I have not published an entry in a couple of weeks but have been working hard! I am working on my entry for Strokestown Park in County Roscommon at the moment, which I will publish soon.
I have updated the home page and each entry with the newly published 2023 open dates.
I am still working on entries for the properties we visited during Heritage Week in August in 2022, so I have lots of work to do! I spent a long time working on the calendars which I have for sale here on the website, https://irishhistorichouses.com/2023/02/15/new-list-published-and-2023-section-482-calendar-order-form/
These list which properties are open on each calendar day of the year.

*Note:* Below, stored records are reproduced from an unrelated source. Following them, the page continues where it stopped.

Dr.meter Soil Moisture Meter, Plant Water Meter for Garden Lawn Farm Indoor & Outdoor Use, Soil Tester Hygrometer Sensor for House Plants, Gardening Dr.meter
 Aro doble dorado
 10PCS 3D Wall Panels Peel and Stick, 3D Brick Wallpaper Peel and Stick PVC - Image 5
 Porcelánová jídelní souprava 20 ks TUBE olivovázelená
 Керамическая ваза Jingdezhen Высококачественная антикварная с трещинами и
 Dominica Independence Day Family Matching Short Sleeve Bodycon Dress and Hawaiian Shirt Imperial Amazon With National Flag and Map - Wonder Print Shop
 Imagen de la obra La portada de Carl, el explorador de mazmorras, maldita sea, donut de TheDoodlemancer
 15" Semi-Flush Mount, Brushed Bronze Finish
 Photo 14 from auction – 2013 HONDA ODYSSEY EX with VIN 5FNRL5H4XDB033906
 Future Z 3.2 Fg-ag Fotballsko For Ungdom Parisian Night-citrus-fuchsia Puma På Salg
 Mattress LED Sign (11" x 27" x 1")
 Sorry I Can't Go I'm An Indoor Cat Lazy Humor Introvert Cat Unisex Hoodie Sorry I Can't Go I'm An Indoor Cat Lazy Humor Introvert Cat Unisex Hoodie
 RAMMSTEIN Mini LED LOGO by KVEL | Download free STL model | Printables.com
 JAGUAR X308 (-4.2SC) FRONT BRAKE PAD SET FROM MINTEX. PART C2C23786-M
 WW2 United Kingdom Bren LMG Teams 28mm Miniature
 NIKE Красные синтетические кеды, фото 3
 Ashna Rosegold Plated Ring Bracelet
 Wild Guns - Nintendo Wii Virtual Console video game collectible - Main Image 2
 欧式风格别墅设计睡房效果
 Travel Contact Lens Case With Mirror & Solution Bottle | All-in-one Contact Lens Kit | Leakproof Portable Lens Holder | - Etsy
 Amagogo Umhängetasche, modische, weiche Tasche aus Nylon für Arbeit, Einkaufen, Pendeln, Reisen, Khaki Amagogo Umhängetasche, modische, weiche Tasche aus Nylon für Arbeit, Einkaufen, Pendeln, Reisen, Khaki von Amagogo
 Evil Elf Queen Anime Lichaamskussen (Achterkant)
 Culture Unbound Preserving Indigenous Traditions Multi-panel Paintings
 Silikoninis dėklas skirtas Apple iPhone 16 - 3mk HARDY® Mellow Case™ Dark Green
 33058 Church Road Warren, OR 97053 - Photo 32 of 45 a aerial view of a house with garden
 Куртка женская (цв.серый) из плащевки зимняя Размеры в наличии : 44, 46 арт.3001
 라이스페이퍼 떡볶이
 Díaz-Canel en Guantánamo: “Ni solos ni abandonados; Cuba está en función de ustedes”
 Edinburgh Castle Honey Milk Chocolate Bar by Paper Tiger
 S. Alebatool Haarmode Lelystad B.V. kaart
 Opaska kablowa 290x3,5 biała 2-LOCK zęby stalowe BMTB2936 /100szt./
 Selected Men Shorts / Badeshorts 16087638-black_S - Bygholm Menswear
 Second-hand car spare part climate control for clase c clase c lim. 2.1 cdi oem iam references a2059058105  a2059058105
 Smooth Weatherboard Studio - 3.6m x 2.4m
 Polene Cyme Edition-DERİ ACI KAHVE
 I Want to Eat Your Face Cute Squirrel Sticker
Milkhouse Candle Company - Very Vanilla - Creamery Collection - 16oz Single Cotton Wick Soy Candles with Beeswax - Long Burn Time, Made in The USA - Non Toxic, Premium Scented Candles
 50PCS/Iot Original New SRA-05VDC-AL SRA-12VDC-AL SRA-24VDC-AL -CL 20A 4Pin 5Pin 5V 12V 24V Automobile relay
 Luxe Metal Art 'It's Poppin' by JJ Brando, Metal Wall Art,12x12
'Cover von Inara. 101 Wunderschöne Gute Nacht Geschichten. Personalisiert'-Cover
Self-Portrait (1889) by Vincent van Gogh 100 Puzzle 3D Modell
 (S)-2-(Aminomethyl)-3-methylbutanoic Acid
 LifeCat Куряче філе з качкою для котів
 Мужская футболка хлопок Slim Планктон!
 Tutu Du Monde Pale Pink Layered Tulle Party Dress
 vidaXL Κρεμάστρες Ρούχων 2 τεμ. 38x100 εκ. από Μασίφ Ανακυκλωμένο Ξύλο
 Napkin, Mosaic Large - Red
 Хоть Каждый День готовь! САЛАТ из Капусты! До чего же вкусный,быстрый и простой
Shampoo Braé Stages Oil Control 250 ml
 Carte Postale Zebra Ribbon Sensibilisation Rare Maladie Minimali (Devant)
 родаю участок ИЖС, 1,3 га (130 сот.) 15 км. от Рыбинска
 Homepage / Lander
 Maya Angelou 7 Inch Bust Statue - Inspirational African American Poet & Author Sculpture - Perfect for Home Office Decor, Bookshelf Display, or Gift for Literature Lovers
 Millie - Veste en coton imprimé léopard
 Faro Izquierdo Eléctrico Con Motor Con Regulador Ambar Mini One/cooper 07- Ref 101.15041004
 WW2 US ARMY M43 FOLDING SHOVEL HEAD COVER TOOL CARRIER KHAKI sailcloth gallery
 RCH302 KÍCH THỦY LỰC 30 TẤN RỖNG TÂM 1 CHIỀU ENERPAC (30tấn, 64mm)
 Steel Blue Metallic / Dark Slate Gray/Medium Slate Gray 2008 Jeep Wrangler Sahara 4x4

I have also been planning our trips around Ireland this year, to visit more Section 482 properties. There are no new properties on the list, although Portnason House in County Donegal had dropped off the list in 2022, and is now back on the list. Several other properties have dropped off the listing. I am sorry not to have visited Geragh in Sandycove in Dublin which is no longer listed. I also missed out on seeing Knocknagin House in Balbriggan, which I think sold last year, and is no longer listed – the same goes for Boland’s Lock in Tullamore.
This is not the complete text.